Schweigen. Ich schlucke trocken.
„Wann hast du den Test gemacht?“
„Gestern, mir ging es am Wochenende schlecht. Gliederschmerzen, Kopfweh, ich hatte Atemnot. Mein Hausarzt hat mich sofort zum Test geschickt."
„Das tut mir leid. Wie fühlst du dich jetzt?"
„Mir tut einfach alles weh und ich bin ständig müde. Kirsten, wahrscheinlich habe ich mich bei euch angesteckt. In Martins Pflegeeinrichtung gibt es doch einige Coronafälle.“
„Er wird jeden zweiten Tag getestet", werfe ich ein.
„Auch, wenn sein Test negativ war, kann er Überträger sein. Außerdem, die Schnelltests sind nicht zuverlässig."
Ich überlege. Könnte das sein? Am Mittwoch vielleicht? Wir saßen gemeinsam vor dem Bildschirm. Mit Martin, Julia und Anna. Auf ARTE wurde eine Doku gezeigt. Über diese Stadt in den USA, wo LKWs mit Kühlcontainer Dutzende von Coronaleichen in Krematorien transportierten.
„Ist wohl eine Strafe Gottes." Entsetzt hatte ich Anna angeschaut, das konnte nicht ihr Ernst sein.
„Wohl kaum", hatte Martin erwidert. „Wenn man den Medien glauben darf, fing das Ganze in China an. Da gibt es fast nur Atheisten."
Anna unterbricht meine Gedanken:
„Mach dir keinen Kopf, zehn Tage Quarantäne, dann ist es vorbei."
„Ich weiß nicht, was ich sagen soll, es tut mir so leid. „Muss ich jetzt auch einen Coronatest machen?“
„Wahrscheinlich!"
„Jetzt brauche ich erst Zeit, um das zu verdauen. Wenn wir etwas für dich tun können, sage es bitte. Danke für deinen Anruf. Gute Besserung!"
Ich laufe wie ein Tiger im Käfig auf und ab.
Warum warten, bis das Gesundheitsamt anruft?

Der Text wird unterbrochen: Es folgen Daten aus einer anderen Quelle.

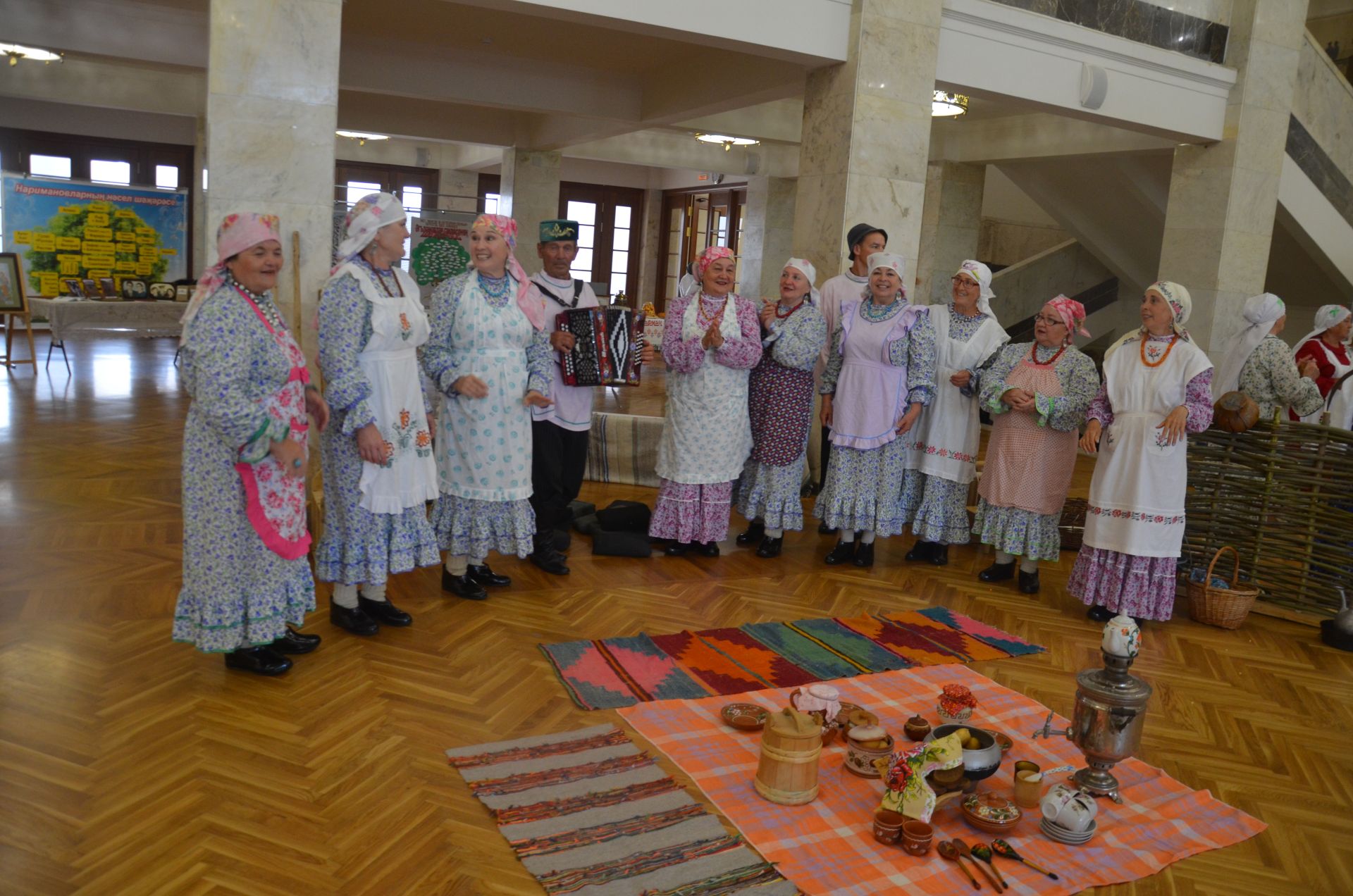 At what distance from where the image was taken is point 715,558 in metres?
5.78

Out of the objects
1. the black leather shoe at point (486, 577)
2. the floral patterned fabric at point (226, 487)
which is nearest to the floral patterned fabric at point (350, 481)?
the floral patterned fabric at point (226, 487)

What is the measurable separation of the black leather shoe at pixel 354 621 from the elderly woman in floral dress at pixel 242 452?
56 centimetres

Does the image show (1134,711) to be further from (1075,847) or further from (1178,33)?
(1178,33)

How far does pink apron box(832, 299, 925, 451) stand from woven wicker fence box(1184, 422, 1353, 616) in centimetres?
169

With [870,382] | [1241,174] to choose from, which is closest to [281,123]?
[870,382]

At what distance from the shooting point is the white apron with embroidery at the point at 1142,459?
486 cm

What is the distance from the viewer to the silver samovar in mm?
3021

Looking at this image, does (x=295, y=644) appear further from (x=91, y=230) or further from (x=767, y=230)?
(x=91, y=230)

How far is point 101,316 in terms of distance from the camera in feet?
38.2

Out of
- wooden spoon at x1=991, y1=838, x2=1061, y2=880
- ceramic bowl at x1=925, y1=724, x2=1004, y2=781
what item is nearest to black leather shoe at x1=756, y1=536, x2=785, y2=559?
ceramic bowl at x1=925, y1=724, x2=1004, y2=781

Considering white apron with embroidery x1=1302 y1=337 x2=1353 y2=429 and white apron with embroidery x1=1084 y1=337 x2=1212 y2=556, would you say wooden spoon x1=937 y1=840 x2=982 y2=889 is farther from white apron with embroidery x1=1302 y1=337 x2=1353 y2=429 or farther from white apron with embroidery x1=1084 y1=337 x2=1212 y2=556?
white apron with embroidery x1=1302 y1=337 x2=1353 y2=429

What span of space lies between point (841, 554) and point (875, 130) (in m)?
2.93

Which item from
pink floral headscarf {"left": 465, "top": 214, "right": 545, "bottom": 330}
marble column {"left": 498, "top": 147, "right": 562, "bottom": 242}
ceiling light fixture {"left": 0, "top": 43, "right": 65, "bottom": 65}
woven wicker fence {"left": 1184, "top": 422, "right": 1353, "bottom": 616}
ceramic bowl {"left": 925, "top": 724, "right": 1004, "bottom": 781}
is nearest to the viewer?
ceramic bowl {"left": 925, "top": 724, "right": 1004, "bottom": 781}

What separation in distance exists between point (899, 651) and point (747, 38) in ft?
13.1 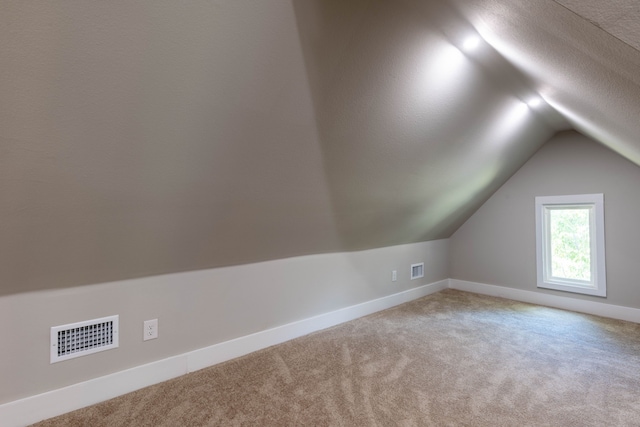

Ich google, suche nach der Teststelle.
Nach dreimal Klingeln nimmt jemand ab.
„Guten Tag, ich möchte ein Coronatest machen."
„Wurden Sie vom Gesundheitsamt angerufen?"
„Nein."
„Dann können Sie auch keinen Test machen."
„Hören Sie, mir geht es nicht so gut, ich muss wissen, ob ich mich angesteckt habe. Meine Freundin wurde positiv getestet."
Es ist still in der Leitung, die Frau scheint zu überlegen.
Dann: „Was haben Sie denn für Symptome?"
Ich zähle auf: „Kopfweh, Gliederschmerzen."
„Stopp! Ich frage Sie und Sie antworten nur mit ja oder nein."
Wir arbeiten die Frageliste ab.
„Morgen um 9:30 Uhr."
„Mein Mann hat auch Symptome, er hustet. Kann er den Test morgen auch machen?"
„Nein, er muss warten, bis sich das Gesundheitsamt bei ihm meldet.
Auf Wiederhören."
Peter ist mit vielen Arbeitskollegen zusammen, die zum Teil keine Masken tragen. Was, wenn er sie ansteckt? Ich rufe ihn an. „Anna hat Corona, bitte komm nach Hause! Vielleicht hast du es auch. Dein Husten könnte ansteckend sein.“
„So eine Scheiße! Mein Chef reißt mir den Kopf ab, wenn ich meine Kollegen angesteckt habe."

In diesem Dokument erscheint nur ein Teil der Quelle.